### What is being asked
Print this span of the material below exactly: the line with "Vélos et matériel", the line with "Single Family Residence", and every line between them, but nothing else.

### Listed entries
== Segment start ==

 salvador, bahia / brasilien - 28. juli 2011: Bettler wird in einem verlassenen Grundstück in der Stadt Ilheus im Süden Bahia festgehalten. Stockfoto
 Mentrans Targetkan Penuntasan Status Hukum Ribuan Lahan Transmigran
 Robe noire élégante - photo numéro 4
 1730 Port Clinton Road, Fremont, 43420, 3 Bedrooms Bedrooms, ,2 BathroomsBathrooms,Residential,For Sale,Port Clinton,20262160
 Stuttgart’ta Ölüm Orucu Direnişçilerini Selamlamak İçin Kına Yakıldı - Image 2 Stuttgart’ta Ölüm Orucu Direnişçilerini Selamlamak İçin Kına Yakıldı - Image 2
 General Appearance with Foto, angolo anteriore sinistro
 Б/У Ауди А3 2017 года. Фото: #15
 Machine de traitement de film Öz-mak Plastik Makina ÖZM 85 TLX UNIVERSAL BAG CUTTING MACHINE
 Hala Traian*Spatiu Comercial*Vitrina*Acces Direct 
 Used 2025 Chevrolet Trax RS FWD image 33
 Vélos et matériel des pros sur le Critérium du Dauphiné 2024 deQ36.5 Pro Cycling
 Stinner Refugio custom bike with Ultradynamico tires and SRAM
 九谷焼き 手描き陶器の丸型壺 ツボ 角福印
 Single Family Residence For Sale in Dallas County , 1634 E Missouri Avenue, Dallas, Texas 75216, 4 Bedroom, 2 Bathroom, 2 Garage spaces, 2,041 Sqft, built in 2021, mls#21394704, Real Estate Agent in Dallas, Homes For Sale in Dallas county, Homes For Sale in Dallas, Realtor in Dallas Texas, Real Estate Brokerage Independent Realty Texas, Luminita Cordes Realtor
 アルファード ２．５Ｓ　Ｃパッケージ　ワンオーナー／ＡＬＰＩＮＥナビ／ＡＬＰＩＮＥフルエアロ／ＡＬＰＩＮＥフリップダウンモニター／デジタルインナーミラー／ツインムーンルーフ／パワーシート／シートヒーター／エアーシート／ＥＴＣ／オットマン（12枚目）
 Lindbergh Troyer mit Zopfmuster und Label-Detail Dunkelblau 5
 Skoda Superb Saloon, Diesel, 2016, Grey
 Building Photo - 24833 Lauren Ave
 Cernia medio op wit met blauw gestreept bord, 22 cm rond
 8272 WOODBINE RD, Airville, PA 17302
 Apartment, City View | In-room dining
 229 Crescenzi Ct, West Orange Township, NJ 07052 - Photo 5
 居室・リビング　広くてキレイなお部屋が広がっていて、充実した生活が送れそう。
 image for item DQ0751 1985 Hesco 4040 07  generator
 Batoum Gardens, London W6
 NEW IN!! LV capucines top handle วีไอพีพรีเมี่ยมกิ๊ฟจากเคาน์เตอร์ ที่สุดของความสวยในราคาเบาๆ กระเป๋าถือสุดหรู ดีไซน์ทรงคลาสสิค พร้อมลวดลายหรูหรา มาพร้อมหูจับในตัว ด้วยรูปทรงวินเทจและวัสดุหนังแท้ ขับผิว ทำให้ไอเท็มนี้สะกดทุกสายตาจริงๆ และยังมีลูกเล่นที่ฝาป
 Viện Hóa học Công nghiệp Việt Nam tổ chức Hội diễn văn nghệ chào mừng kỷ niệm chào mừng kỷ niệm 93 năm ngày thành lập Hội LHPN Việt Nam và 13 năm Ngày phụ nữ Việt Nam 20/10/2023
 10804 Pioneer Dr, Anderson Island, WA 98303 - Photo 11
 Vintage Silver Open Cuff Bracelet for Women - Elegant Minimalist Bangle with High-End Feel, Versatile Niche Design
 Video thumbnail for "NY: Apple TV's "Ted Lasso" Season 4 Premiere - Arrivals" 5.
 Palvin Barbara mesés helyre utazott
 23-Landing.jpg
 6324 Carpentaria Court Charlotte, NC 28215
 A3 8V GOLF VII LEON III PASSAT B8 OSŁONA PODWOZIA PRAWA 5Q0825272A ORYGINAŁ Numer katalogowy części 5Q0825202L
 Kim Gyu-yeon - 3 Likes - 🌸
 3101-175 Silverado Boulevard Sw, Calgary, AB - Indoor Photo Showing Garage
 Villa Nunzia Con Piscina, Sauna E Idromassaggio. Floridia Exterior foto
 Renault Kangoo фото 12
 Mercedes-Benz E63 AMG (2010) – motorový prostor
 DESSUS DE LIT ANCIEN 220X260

== Segment end ==

### Output of the task
 Vélos et matériel des pros sur le Critérium du Dauphiné 2024 deQ36.5 Pro Cycling
 Stinner Refugio custom bike with Ultradynamico tires and SRAM
 九谷焼き 手描き陶器の丸型壺 ツボ 角福印
 Single Family Residence For Sale in Dallas County , 1634 E Missouri Avenue, Dallas, Texas 75216, 4 Bedroom, 2 Bathroom, 2 Garage spaces, 2,041 Sqft, built in 2021, mls#21394704, Real Estate Agent in Dallas, Homes For Sale in Dallas county, Homes For Sale in Dallas, Realtor in Dallas Texas, Real Estate Brokerage Independent Realty Texas, Luminita Cordes Realtor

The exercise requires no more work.